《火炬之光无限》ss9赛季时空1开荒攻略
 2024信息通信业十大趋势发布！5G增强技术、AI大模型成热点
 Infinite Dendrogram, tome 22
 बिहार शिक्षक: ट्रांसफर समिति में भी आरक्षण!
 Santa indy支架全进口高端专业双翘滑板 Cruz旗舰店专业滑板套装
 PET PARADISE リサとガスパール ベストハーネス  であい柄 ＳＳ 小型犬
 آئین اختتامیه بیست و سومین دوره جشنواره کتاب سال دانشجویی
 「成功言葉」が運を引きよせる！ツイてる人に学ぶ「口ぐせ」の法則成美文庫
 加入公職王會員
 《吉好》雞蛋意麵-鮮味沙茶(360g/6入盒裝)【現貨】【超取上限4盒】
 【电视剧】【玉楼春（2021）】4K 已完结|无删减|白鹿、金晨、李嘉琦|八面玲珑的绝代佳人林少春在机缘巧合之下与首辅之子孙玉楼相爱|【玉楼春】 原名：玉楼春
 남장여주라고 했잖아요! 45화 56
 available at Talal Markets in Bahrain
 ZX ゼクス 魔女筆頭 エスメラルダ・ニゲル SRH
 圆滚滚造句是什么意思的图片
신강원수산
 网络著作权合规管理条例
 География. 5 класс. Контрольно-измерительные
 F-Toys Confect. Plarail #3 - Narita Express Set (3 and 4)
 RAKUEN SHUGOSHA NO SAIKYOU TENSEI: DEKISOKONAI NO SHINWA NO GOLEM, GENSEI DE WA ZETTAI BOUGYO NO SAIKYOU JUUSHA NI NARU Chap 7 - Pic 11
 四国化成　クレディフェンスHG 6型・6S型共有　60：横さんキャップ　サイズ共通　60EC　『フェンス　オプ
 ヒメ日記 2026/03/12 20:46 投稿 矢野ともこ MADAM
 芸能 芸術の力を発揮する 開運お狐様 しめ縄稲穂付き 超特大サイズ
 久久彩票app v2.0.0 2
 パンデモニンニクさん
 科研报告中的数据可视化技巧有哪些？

WORK REQUIRED - Return, unchanged, each line from the line containing "F-Toys Confect. Plarail" through the last line of the material.

EXERCISE RESULT -
 F-Toys Confect. Plarail #3 - Narita Express Set (3 and 4)
 RAKUEN SHUGOSHA NO SAIKYOU TENSEI: DEKISOKONAI NO SHINWA NO GOLEM, GENSEI DE WA ZETTAI BOUGYO NO SAIKYOU JUUSHA NI NARU Chap 7 - Pic 11
 四国化成　クレディフェンスHG 6型・6S型共有　60：横さんキャップ　サイズ共通　60EC　『フェンス　オプ
 ヒメ日記 2026/03/12 20:46 投稿 矢野ともこ MADAM
 芸能 芸術の力を発揮する 開運お狐様 しめ縄稲穂付き 超特大サイズ
 久久彩票app v2.0.0 2
 パンデモニンニクさん
 科研报告中的数据可视化技巧有哪些？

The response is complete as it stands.